The state Supreme Court ruled on Thursday that former Luzerne County President Judge Mark Ciavarella violated the constitutional rights of youth offenders who appeared in his courtroom without lawyers between 2003 and 2008.

"Today's order is not intended to be a quick fix," Chief Justice Ronald Castille said in a statement. "It's going to take some time, but the Supreme Court is committed to righting whatever wrong was perpetrated on Luzerne's juveniles and their families."

In one of the most egregious cases of judicial corruption ever seen, federal prosecutors charged Ciavarella and another Luzerne County judge, Michael Conahan, with taking $2.6 million in payoffs to put juvenile offenders in privately owned lockups.

The judges pleaded guilty to fraud last month and face sentences of more than seven years in prison.

Hillary Transue, 17, who appeared in Ciavarella's courtroom in 2007 and spent a month in a wilderness camp for building a MySpace page that lampooned her assistant principal, was elated that her record would be expunged.

She did not have an attorney when she went before Ciavarella, nor was she told of her right to one.
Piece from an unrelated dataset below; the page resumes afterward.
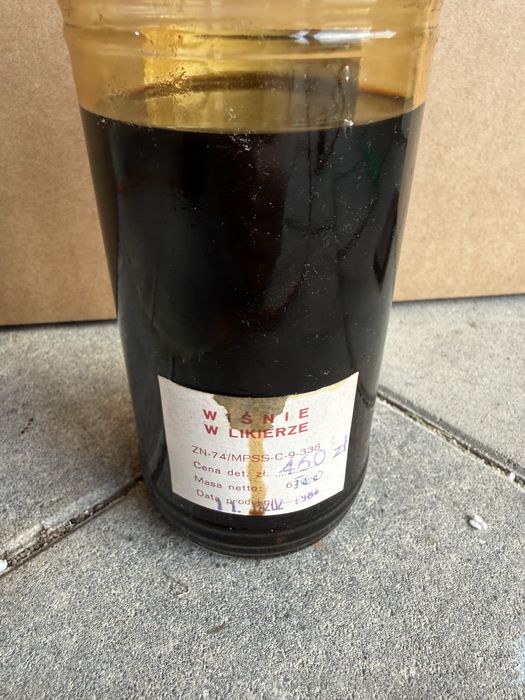 Słoik Wiśnie w likierze PRL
"I feel incredible, not even just for myself, but for everyone who is involved in this whole thing, all of the kids who are going to have clean records now," Transue said.
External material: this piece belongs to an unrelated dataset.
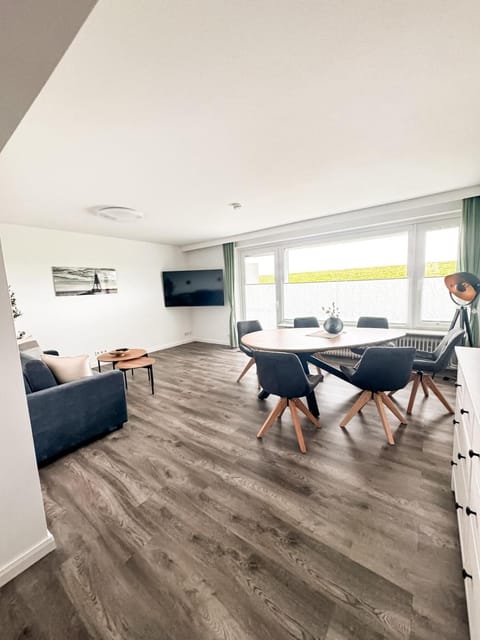 TV and multimedia, Living room, Dining area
The Supreme Court approved the recommendations of Berks County Senior Judge Arthur Grim, whom the justices appointed in February to review cases handled by Ciavarella.

He decided that expungement was the most appropriate remedy for low-level offenders who appeared in Ciavarella's courtroom without lawyers - a group he has said numbered "easily into the hundreds."

Under Pennsylvania law, a juvenile may not waive his right to an attorney unless the decision is made "knowingly, intelligently and voluntarily." The judge must also formally question defendants to make sure they understand their rights, something Ciavarella routinely did not do.

In a report to the Supreme Court released Thursday, Grim said he has determined that "a very substantial number of juveniles who appeared without counsel before Judge Ciavarella ... did not knowingly and intelligently waive their right to counsel."

Grim next will review cases involving more serious juvenile offenses.

Prosecutors have described a scheme in which Conahan, the former president judge of Luzerne County, shut down the county-owned juvenile detention center in 2002 and signed an agreement with PA Child Care LLC to send youth offenders to its new facility outside Wilkes-Barre.

Ciavarella, who presided over juvenile court, sent youths to the detention center and to a sister facility in western Pennsylvania while he was taking payments, prosecutors said.

PA Child Care LLC has not been charged. Former co-owner Robert Powell, who made the payments, has said he was the victim of extortion.

Even before the scandal became public in late January, youth advocates had complained for years that Ciavarella was a harsh jurist who deprived youths of their constitutional rights.

Youths were routinely brought before Ciavarella without a lawyer, given hearings that lasted only a minute or two, and then sent to detention for offenses as minor as stealing change from cars and writing prank notes.

In his report, Grim said "there was routine deprivation of children's constititional rights to appear before an impartial tribunal and to have an opportunity to be heard."

The Philadelphia-based Juvenile Law Center asked the Supreme Court to intervene in Luzerne County last year, citing statistics that Ciavarella was opting for detention in far high numbers than would be expected. The justices rejected the request without comment in early January, then changed their mind after Conahan and Ciavarella were charged.

Marsha Levick, chief counsel of the law center, said that the unprecedented scope of the scandal will take time to fully address, but that Thursday's order was a start.

"In a way it's low-hanging fruit, but certainly the Juvenile Law Center's position remains consistent - that all of these kids' records should be expunged," she said.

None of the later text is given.